Maintained at the minimum level of 1% after the outbreak of the global crisis, the interest of monetary policy of the European Central Bank (ECB) could be increased this weekend. Economists are concerned by the growing level of inflation, which reached alarming proportions especially in the euro area.
In March, inflation reached 2.6% in the Euro zone countries. One of the tasks of the ECB is to ensure that the annual inflation rate does not exceed 2%. Moreover, the rise in food prices and rising energy prices (caused by global oil prices) are worrying economists who believe that inflation will continue its upward trend.
Keeping inflation under 2%
Since February, the ECB officials’ statements have indicated the likelihood that key interest rate will be increased. However, analysts expect a moderate increase, of up to 0.25 percentage points, according to the euobserver.com portal.

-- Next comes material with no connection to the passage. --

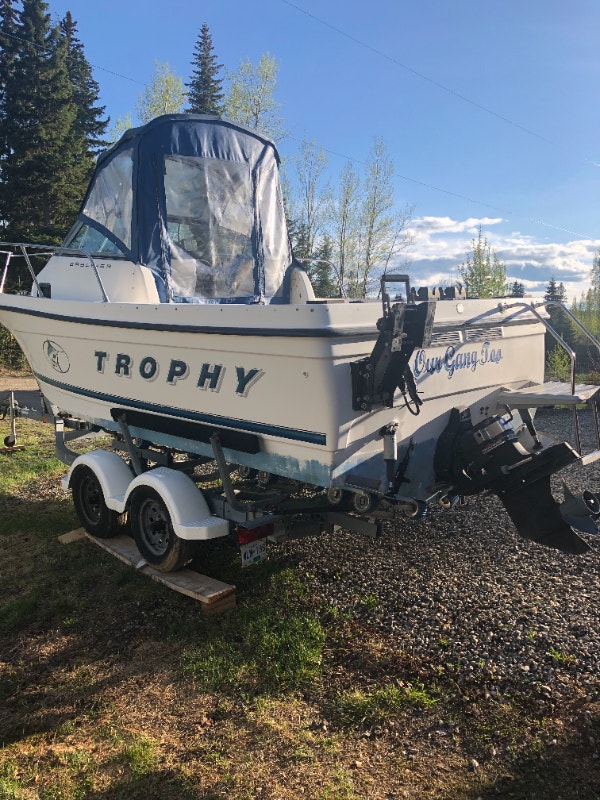 Bayliner Trophy 2052 fishing boat Powerboats & Motorboats Quesnel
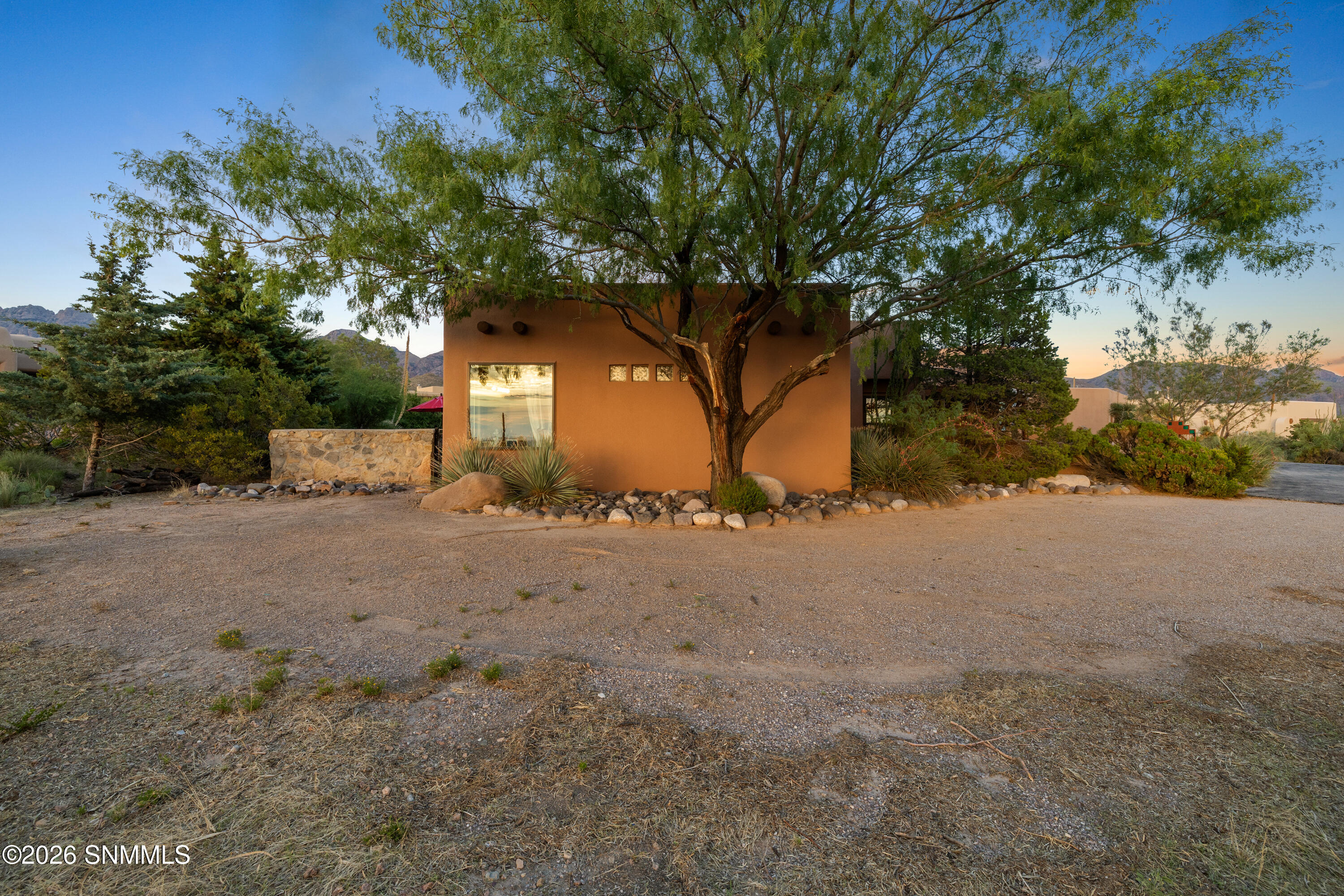 5025-Silverton-MLS-Camera-Guy-66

“We are prepared to act decisively and immediately if needed,” said Juergen Stark, member of the ECB Governing Council, quoted by Bloomberg. He stated that, in order to avoid the risk of inflation exceeding the agreed targets, “we must change the direction of the monetary policy, if needed”.
Negative impact on the peripheral countries
The key interest rate increase is not good news for all EU members. Impact felt in the peripheral countries that still face debt crisis and high unemployment rates could be negative. In May 2009, the ECB decided to cut monetary policy interest rates to 1% to stimulate lending and investment.
A similar decision could be taken across the Atlantic Ocean, where the Federal Reserve (central bank of the United States of America) maintains the key interest rate below 1% since 2008. Now, American economists take into account the increase of this interest.
But, while the Americans argue that the decision would be correct, given that the unemployment rate reached in March, 8.8% (the lowest level in over two years), the view of analysts is that the EU’s “two-speed” economy is not yet ready for the interest increase.